IT習得促進/まず挑戦、自らの経験生かす

 

 「チャレンジド(障害者)を納税者にできる日本に」。こんなスローガンを掲げる社会福祉法人の理事長を務める女性が関西にいる。「障害者は弱者で健常者が支えるべき存在」という社会の意識を変えようと奮闘する姿を迫った。

 財務相の諮問機関である財政制度審議会財政制度分科会の地方公聴会が8月27日、大阪市内のホテルで開かれた。総勢約200人の参加者を前に、審議委員を務める竹中ナミさん(56)はこう発言した。

 「障害者は本当は、能力を発揮し、稼いだお金で税金を払い、社会への発言権も得たいのです。でも補助金制度は技術や知識を身に付けて仕事ができる障害者すら弱者として扱い、参加を拒絶する。それがモラルハザードを引き起こし、ひいては今日の財政赤字の一因となったのではないでしょうか」

 

ボランティア全国100人が登録

 竹中さんは障害者の自立・社会参加を支援する社会福祉法人「プロップ・ステーション」(神戸市)の理事長。障害者を対象に情報技術(IT)習得を目的とした講習会を開催している。「週1回で全10回のコースを2年間、福井県から片道4時間かけて通った人もいる」という。障害者の窓口役となって自治体や企業から仕事を受注、障害者の技術水準に応じて割り振る「コーディネート機関としての役割」も果たす。

 プロップには10人の専属スタッフと、全国各地にいる約100人の登録ボランティアが参加している。講習会で身に付けた技術を生かし、そのままスタッフやボランティアとして働く障害者も多い。コンピューターグラフィックスの講習会で講師を務めるスタッフの山岡由香理さん(21)も、養護学校在学中から通い始めてグラフィックスの技術を身に付けた。「プロップは自立するための第一歩」という。

 竹中ナミさんが障害者の自立支援に取り組むようになったのは、24歳の時に出産した長女がきっかけだった。生後3カ月健診で、重度の知的障害と肢体の不自由が重複する「重症心身障害」と診断された。医師からは「10歳までは生きられないでしょう」と告げられたという。孫の障害を知った父からは「このままではお前が不幸になる。この子を連れて死ぬ」とまで言われた。

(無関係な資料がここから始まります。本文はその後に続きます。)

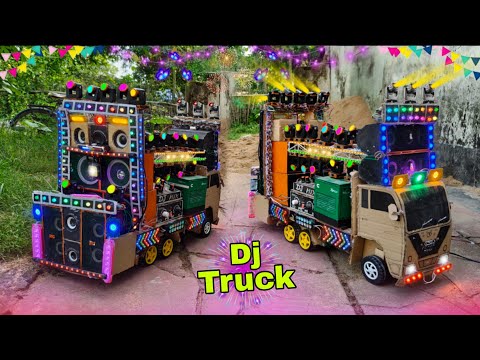 Mini Dj Truck loading at-home Diy mini dj truck making Dj gadi  project mini sharpy light or dj box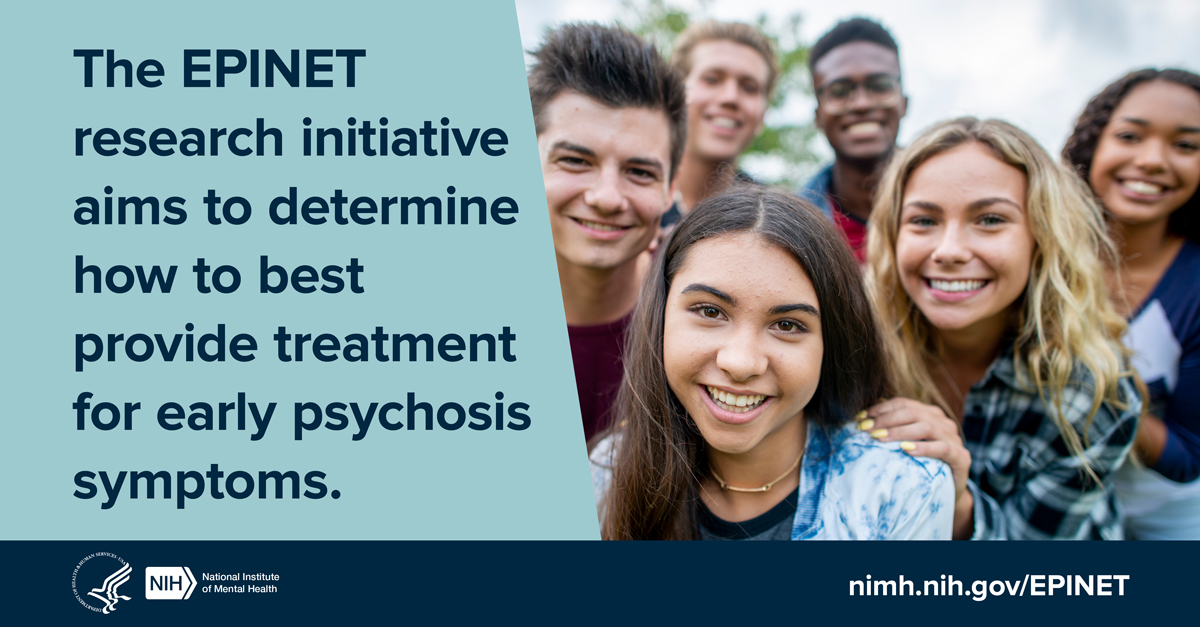 Group of happy teenagers and young adults with the message “The EPINET research initiative aims to determine how to best provide treatment for early psychosis symptoms.”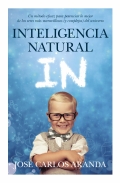 Inteligencia natural. Un mtodo eficaz para potenciar lo mejor de los seres ms maravillosos (y complejos) del universo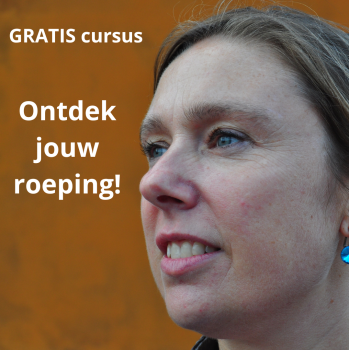 Doe mee aan de gratis 4-weekse cursus Ontdek jouw roeping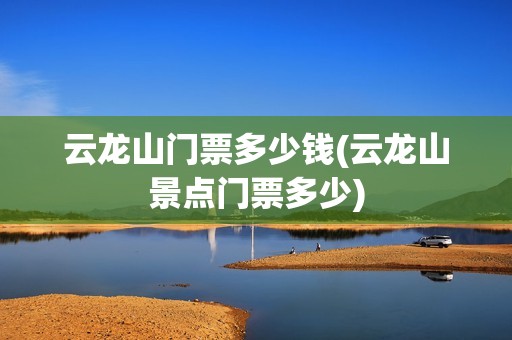 云龙山门票多少钱(云龙山景点门票多少)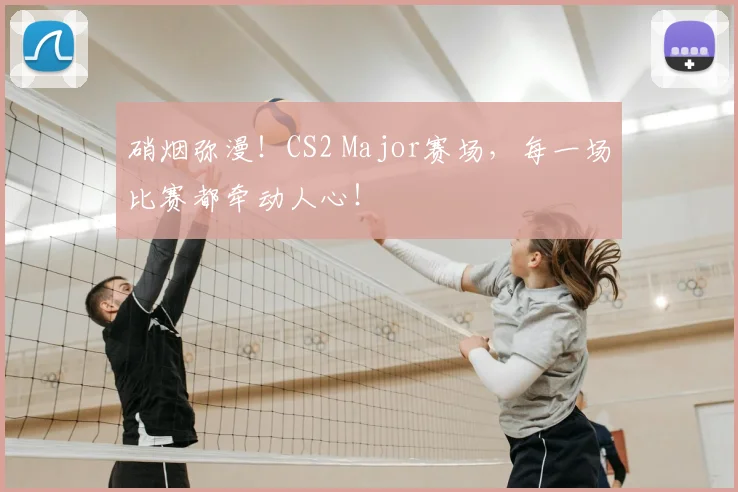 硝烟弥漫!CS2 Major赛场,每一场比赛都牵动人心!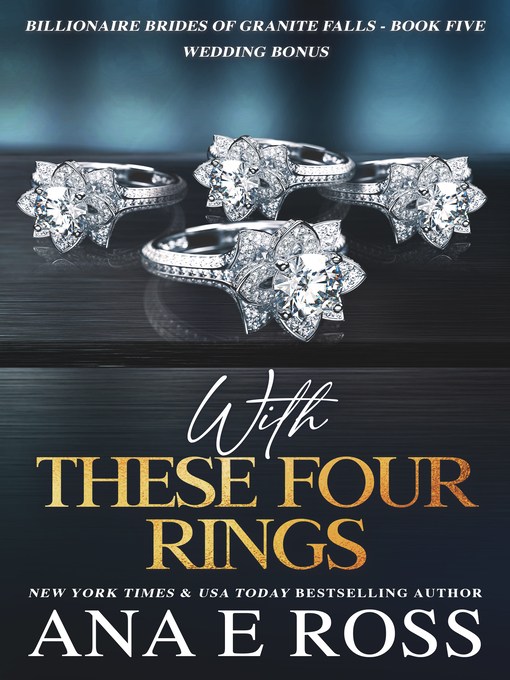 Title details for With These Four Rings by Ana E Ross - Available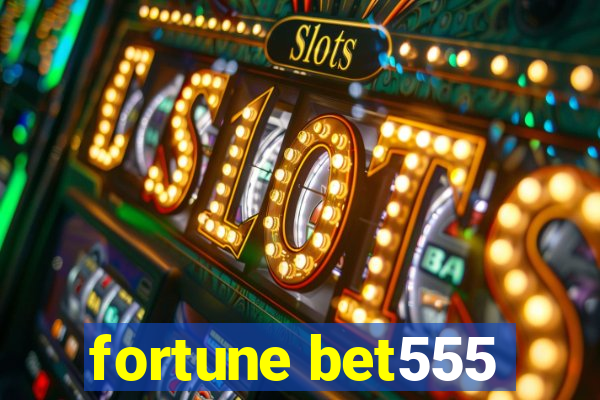 fortune bet555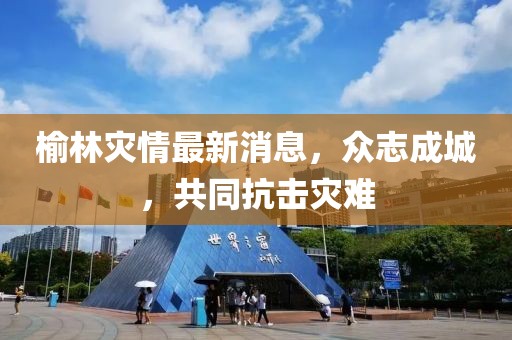 榆林灾情最新消息，众志成城，共同抗击灾难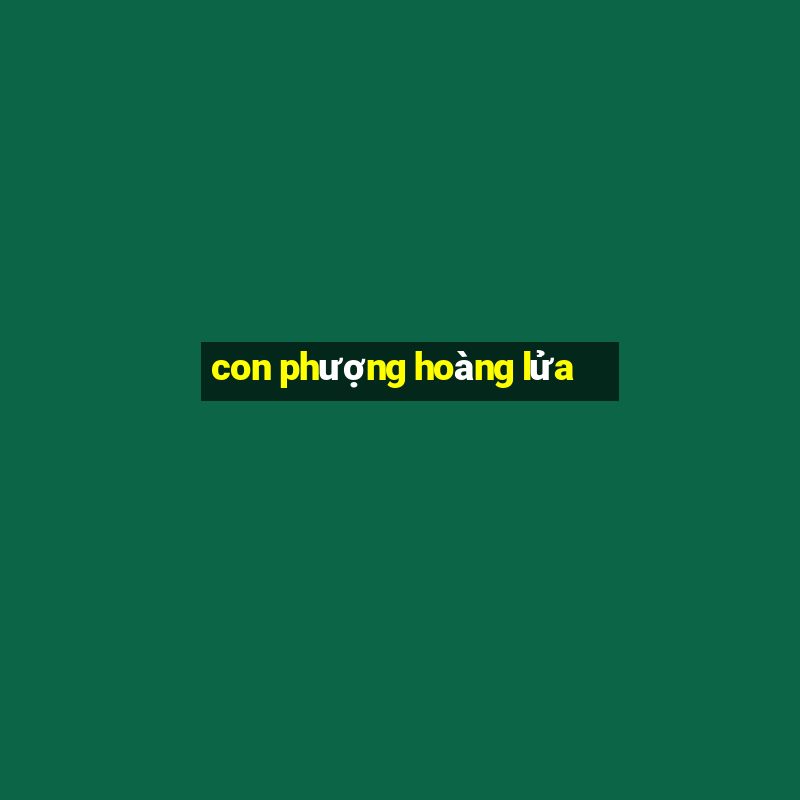 con phượng hoàng lửa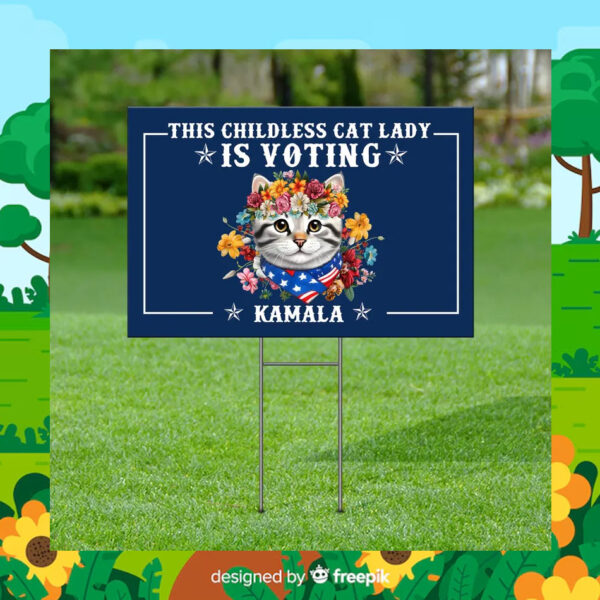 This Childless Cat Lady Is Voting Kamala 24 Yard Sign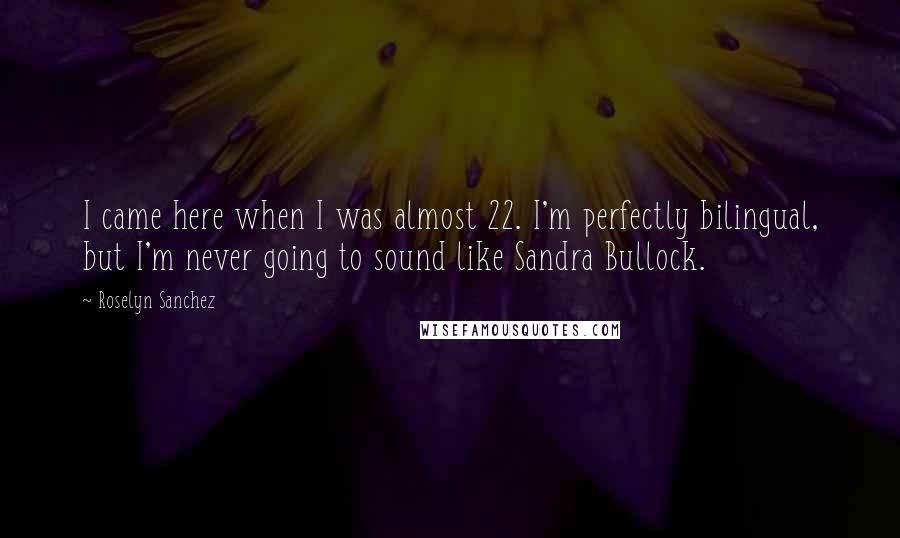 Roselyn Sanchez Quotes: I came here when I was almost 22. I'm perfectly bilingual, but I'm never going to sound like Sandra Bullock.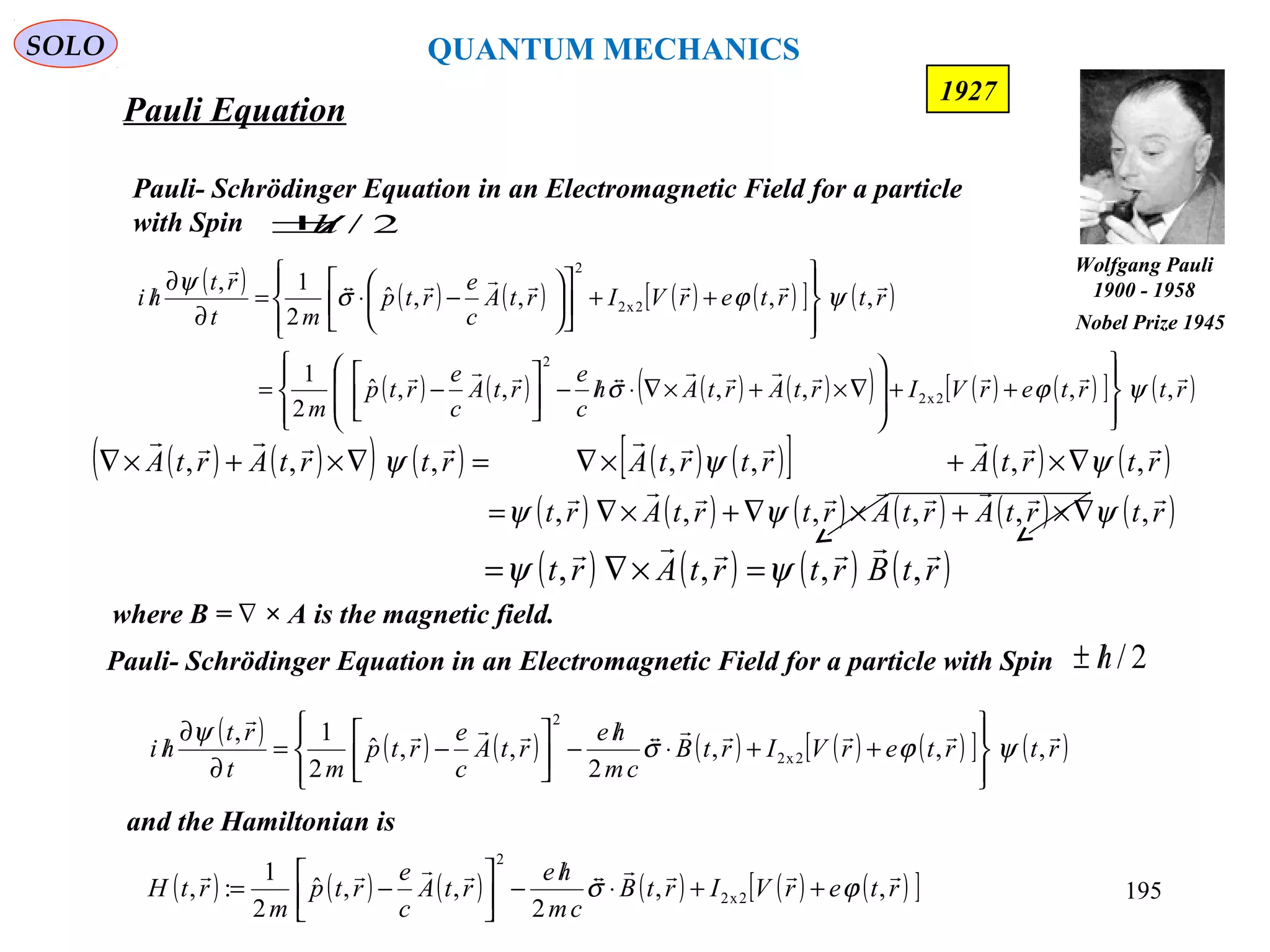 Pauli Equation
SOLO
195
where B = × A is the magnetic field.∇
( ) ( ) ( ) ( ) ( )[ ] ( )
( ) ( ) ( ) ( )( ) ( ) ( )[ ] ( )rtrterVIrtArtAh
c
e
rtA
c
e
rtp
m
rtrterVIrtA
c
e
rtp
mt
rt
hi



,,,,,,ˆ
2
1
,,,,ˆ
2
1,
2x2
2
2x2
2
ψϕσ
ψϕσ
ψ








++








∇×+×∇⋅/−





−=








++











−⋅=
∂
∂
/
Pauli- Schrödinger Equation in an Electromagnetic Field for a particle
with Spin 2/h/±
( ) ( )( ) ( ) ( ) ( )[ ] ( ) ( )
( ) ( ) ( ) ( ) ( ) ( )rtrtArtArtrtArt
rtrtArtrtArtrtArtA


,,,,,,
,,,,,,,
ψψψ
ψψψ
∇×+×∇+×∇=
∇×+×∇=∇×+×∇
( ) ( ) ( ) ( ) ( ) ( )[ ] ( )rtrterVIrtB
cm
he
rtA
c
e
rtp
mt
rt
hi


,,,
2
,,ˆ
2
1,
2x2
2
ψϕσ
ψ








++⋅
/
−



−=
∂
∂
/
Pauli- Schrödinger Equation in an Electromagnetic Field for a particle with Spin 2/h/±
and the Hamiltonian is
( ) ( ) ( ) ( ) ( ) ( )[ ]rterVIrtB
cm
he
rtA
c
e
rtp
m
rtH

,,
2
,,ˆ
2
1
:, 2x2
2
ϕσ ++⋅
/
−



−=
( ) ( ) ( ) ( )rtBrtrtArt

,,,, ψψ =×∇=
Wolfgang Pauli
1900 - 1958
Nobel Prize 1945
1927
QUANTUM MECHANICS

 父の手前、娘のことでつらそうにするわけにはいかない。かといって、障害児向けの育児書も見当たらない。頼れる医師もいない。「もう専門家や専門書には頼らない」。そう決めた竹中さんは障害者の元へ自ら足を運び、どうすれば娘の気持ちが理解できるかや、娘をどう育てるべきかを学ぶことにした。

 

竹中ナミの写真
パソコンを障害者の就労支援に活用するプロップ・ステーションの竹中ナミ理事長(神戸市東灘区)

 

ネットで講習会2年内に実用化

 「目が見えなくても、他の五感で補えば外部の様子が分かる」。障害者と接するうちに、竹中さんは「障害者は決して”弱者”ではない」と思うようになった。さらにボランティア活動を通じて、高校時代にラグビーの試合のけががもとで全身マヒになった青年実業家と知り合う。実家のマンション経営を継いで生き生きと働くその姿を見た竹中さんは「意欲と努力、そして技術さえあれば、障害者でも社会を支える側に回れる」。そう考えて1991年、プロップ・ステーションを創設した。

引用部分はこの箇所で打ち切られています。